What's ahead: This first part of the season has been all about establishing things and, for the most part, Detroit has done just that. After an 18-23 home record last season, for instance, it started 8-2 at the Palace. The Pistons have shaved 5.5 points off their defensive rating (106.4 down to 100.9), solidly in the Top 10 now. Maintaining it -- and the one-in, four-out attack style Van Gundy favored in Orlando. Jennings, when he returns from his Achilles rehab, looks to be a Sixth Man candidate or trade bait.
What went right: The Bucks were delighted to land free-agent Greg Monroe in the offseason and the big man has delivered his usual 16-10, even as the NBA game moves away from traditional post play. Lanky, freaky Giannis Antetokounmpo, in his third season, had bumped up his numbers in points, shooting percentages. Jerryd Bayless has been a solid point guard option and set a Milwaukee franchise record with 38 three-pointers in November. Everything about the Bucks offense is better in the first quarter -- scoring, passing, accuracy, taking care of the ball -- as they outscore opponents by an average of 0.7 through games' first 12 minutes. After that? Minus-7.4.

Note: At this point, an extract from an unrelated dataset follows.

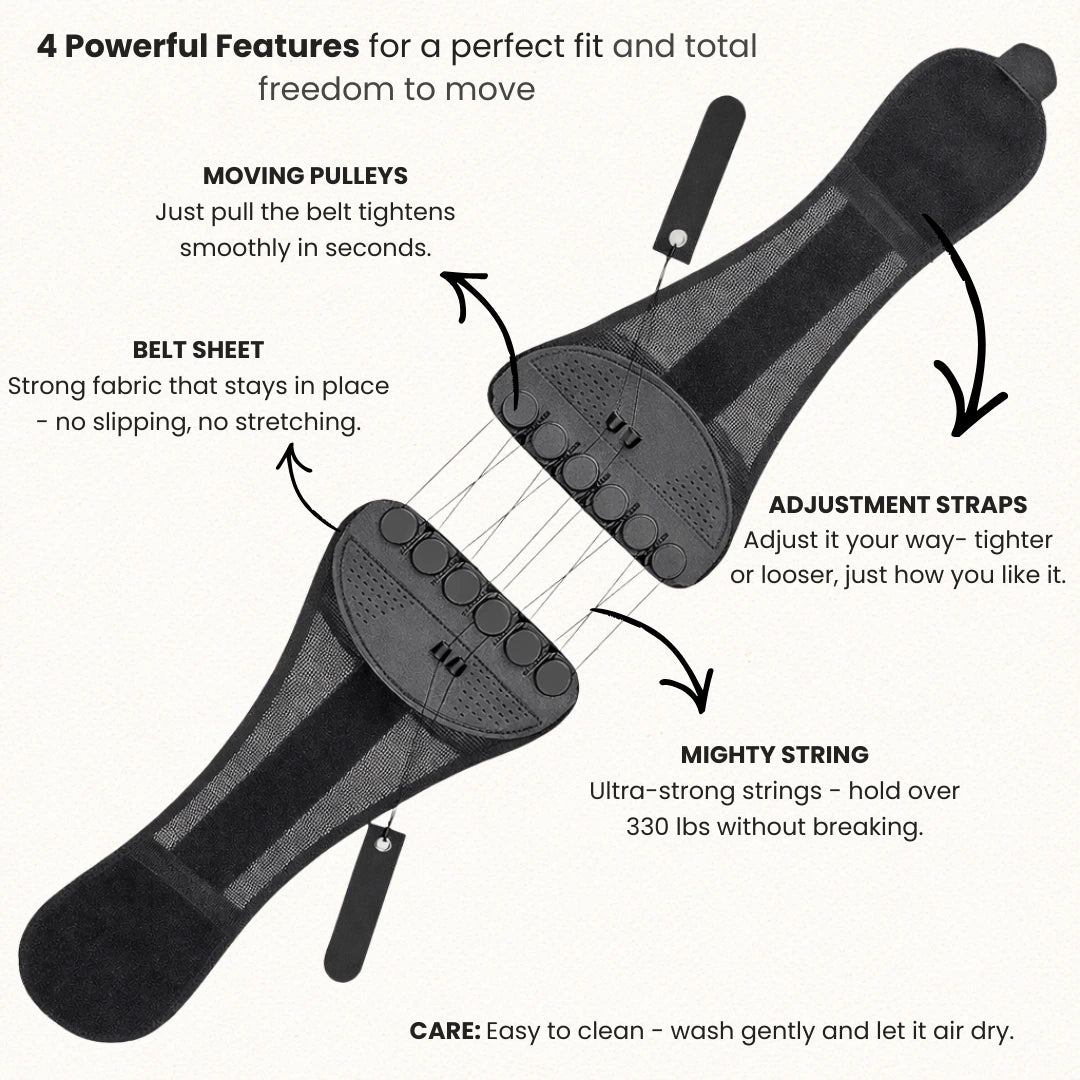Firm Lumbar Support Built for Long Hours Work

What went wrong: Victims of their own success, the Bucks were 11-10 through their first 21 last season compared to, so far, this season's step backward. The most alarming drop-off has come defensively, where they ranked No. 4 in 2014-15 (102.2 DRtg) but have dropped to No. 25 (109.0). Coach Jason Kidd finally changed up the his starting lineup last week, moving both Michael Carter-Williams and Jabari Parker to the bench. Parker at least had the excuse of recovery from last December's ACL injury, but MCW's offense and decision-making at the point were hurting.
What's ahead: Milwaukee would be wise to find a trading partner and get back some veteran help, if only to replace the stability and leadership gone this season with Zaza Pachulia and Jared Dudley. O.J. Mayo was looking like a possibility to relocate, then put together a pair of good performances against Detroit and New York. Antetokounmpo needs to develop a few go-to skills and make the early stride he's taken a permanent thing. Lacking perimeter shooting, Milwaukee either tightens up defensively or slips out of playoff contention in the improved East.